Quando questi elementi avranno preso il sopravvento (e ciò avviene nel corso del III sec. d. C. con una crisi finale in età tetrarchica, alla fine del secolo) lo storico dell'arte antica non parlerà più di e., ma di arte tardo-antica (Spätantike, v.). Invece, per lo storico dell'arte bizantina e medievale, sovente e. è sinonimo di riecheggiamento dell'antico, anche tardo, e talora include il concetto di "orientale", perché a Costantinopoli certi schemi formali di origine ellenistica rimasero più lungamente in vita e appaiono "ellenistici" in opposizione a quelli, ormai "barbarici", dell'Occidente. Per l'archeologo l'e. viene concepito sovente in opposizione alle influenze orientali; esso ha stanza, soprattutto, in Grecia e in Italia. Tuttavia, mentre si delinea in questo campo la tendenza ad applicare con maggior rigore la estensione cronologica del termine di e. e a non includervi più, come una volta, senz'altro tutta l'arte di età romana, il termine "ellenistico" ha acquistato sempre meglio un definito valore di caratterizzazione stilistica, analogamente ai termini di "gotico", "barocco" e simili.
Bibliografia:
J. G. Droysen, Geschichte Alexanders d. G., 1883-84; id., Gesch. d. Hellenismus, 2 voll., 1836-47; A. Momigliano, Genesi storica e funzione del concetto di E., in Giorn.
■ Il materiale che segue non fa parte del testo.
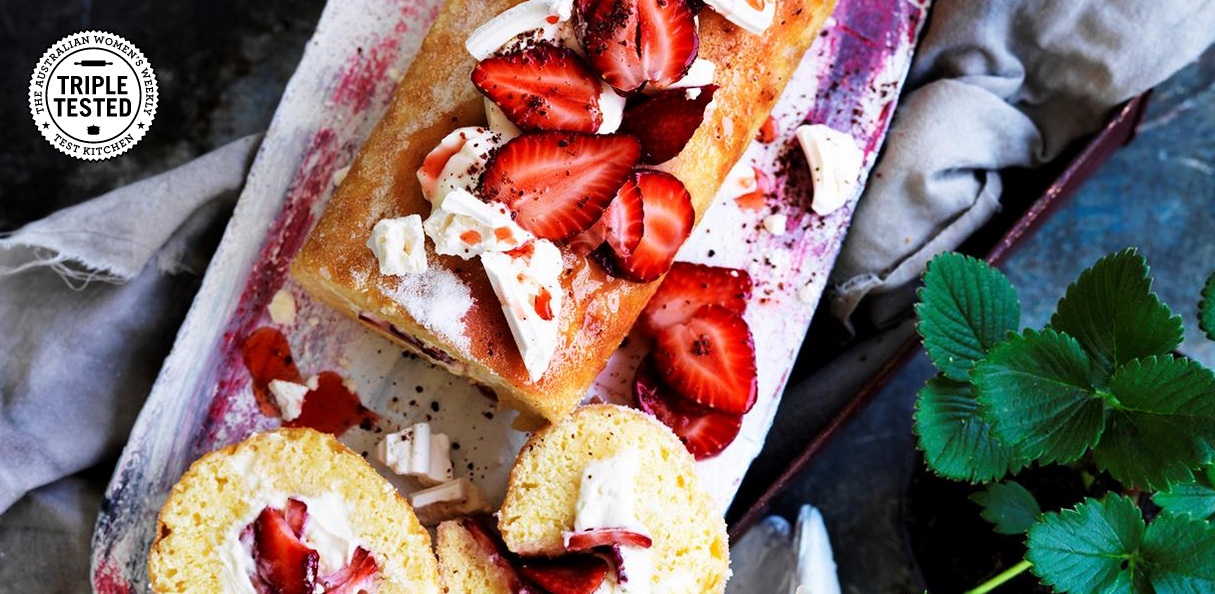 草莓奶油蛋糕卷的做法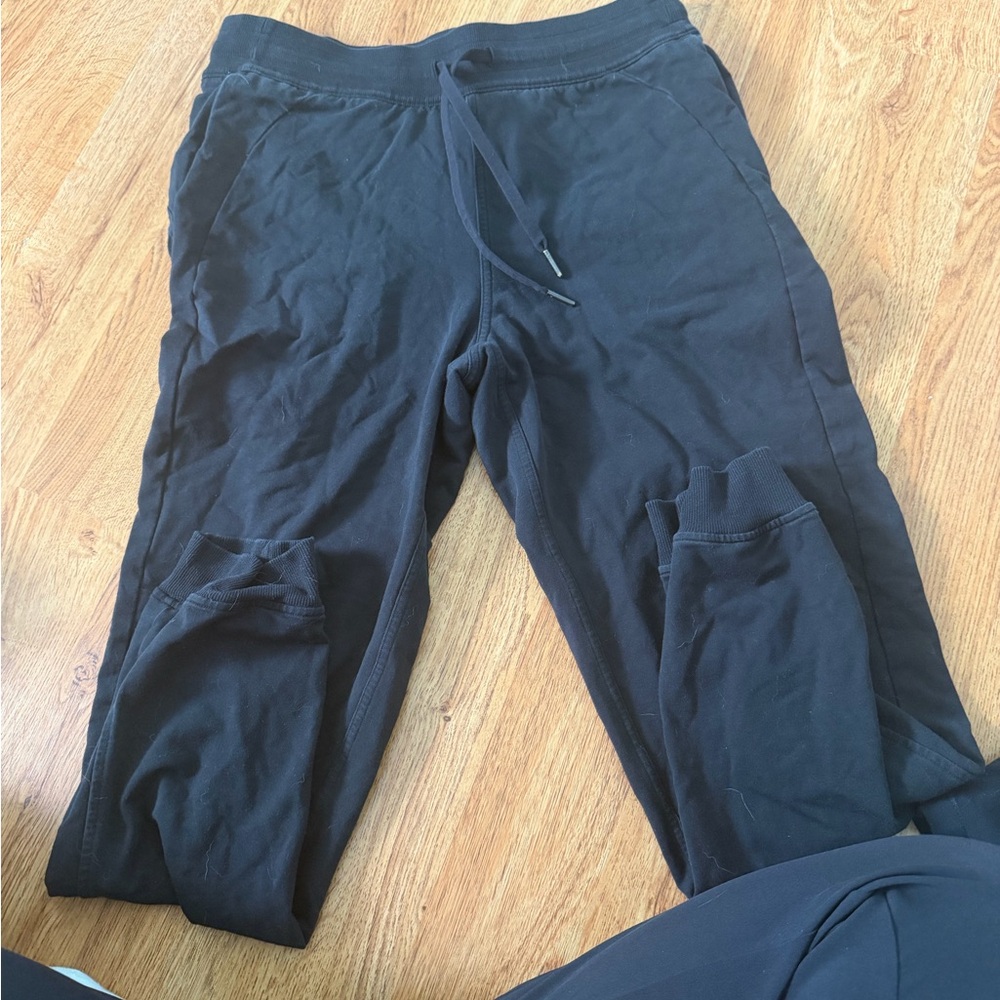 Lululemon scuba high rise French terry jogger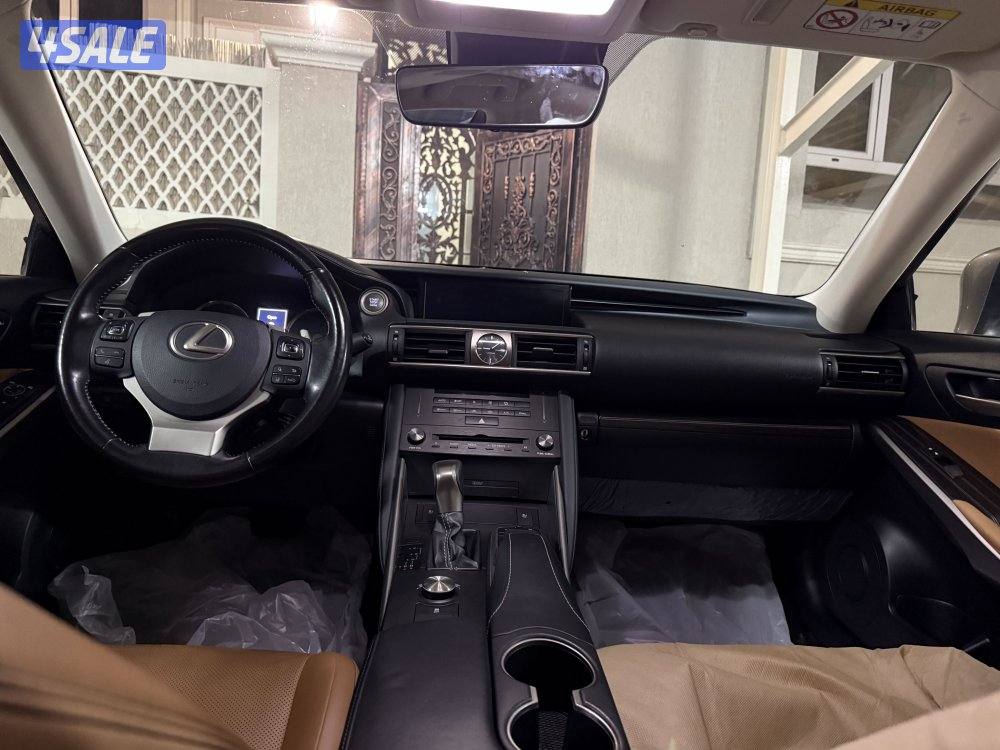 لكزس is300 موديل ٢٠٢٠ شرط الفحص9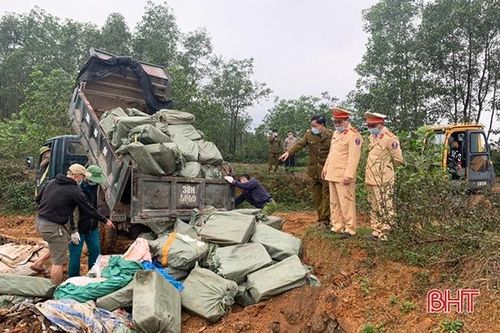 Hà Tĩnh tiêu hủy hơn 5 tấn thực phẩm bẩn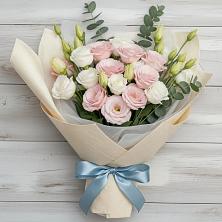 Букет цветов из:  Лизиантусы в Кармаскалы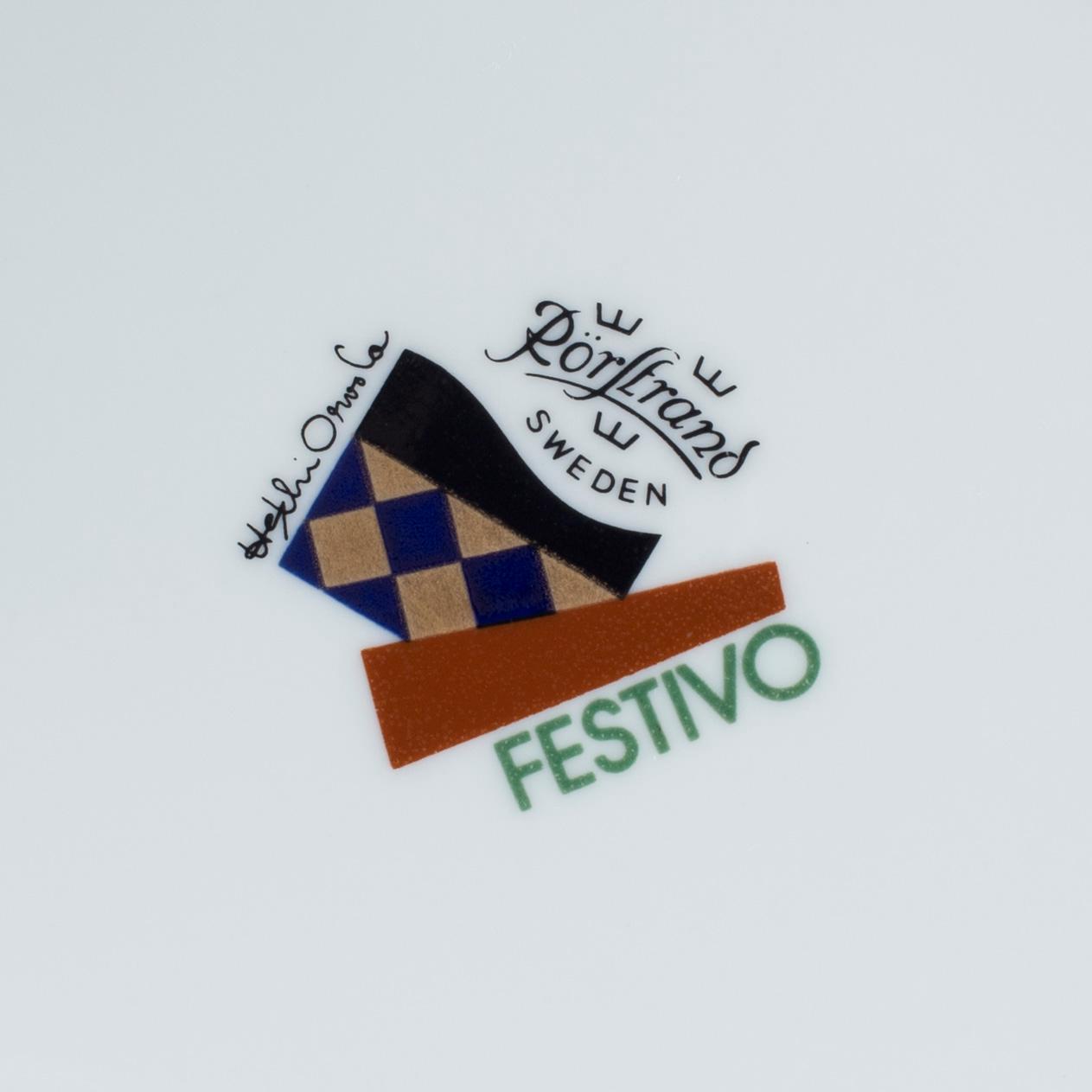 SERVIS, 118 delar, fältspatporslin, "Festivo", Heikki Orvola, Rörstrand, 1980-tal.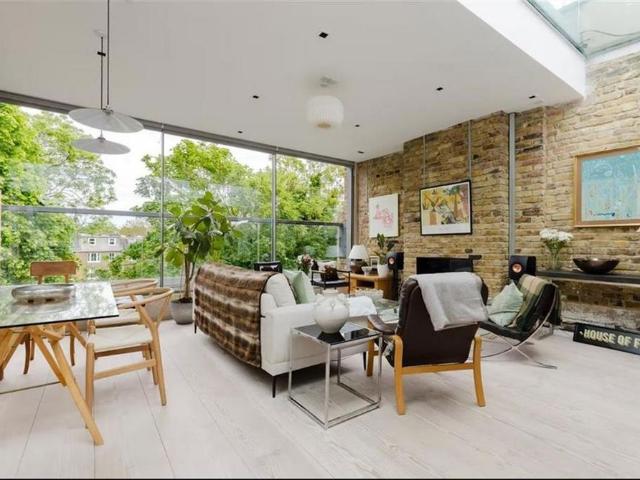 Apartment for rent in London Borough of Hammersmith and Fulham, Greater London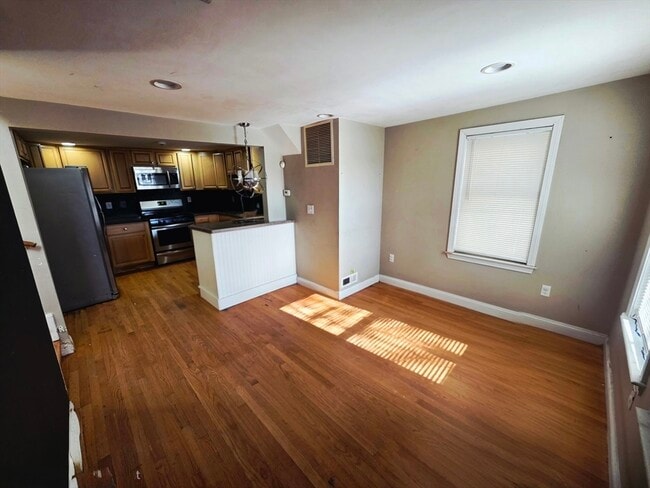 Building Photo - 37 Harvard St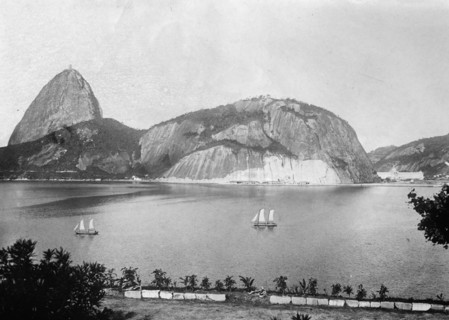 Rio de Janeiro, Sugar Loaf Mountain and sail boats in the bay ca. between 1909 and 1919
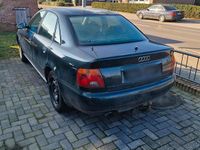 Gebraucht Audi A4 125 PS (91 kW) 1995 Grün Limousine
Critico d. filosofia ital., XVI, 1935, p. 10 ss. (ristamp. in Contributo alla Storia di Studî Classici, Roma 1955, p. 165 ss.); ivi anche p. 263 ss., sul Droysen e p. 335 ss., sul Rostovzev); G. Pasquali, in Enciclopedia Italiana, s. v. Ellenismo; R. Bianchi Bandinelli, Ellenistico, in La Critica d'Arte, I, 1935-36, p. 259 ss.; M. Rostovzev, Social a. Economic History of the Hellenistic World, 3 voll., Oxford 1941, specialm. II, p. 1032 ss., 1301 ss.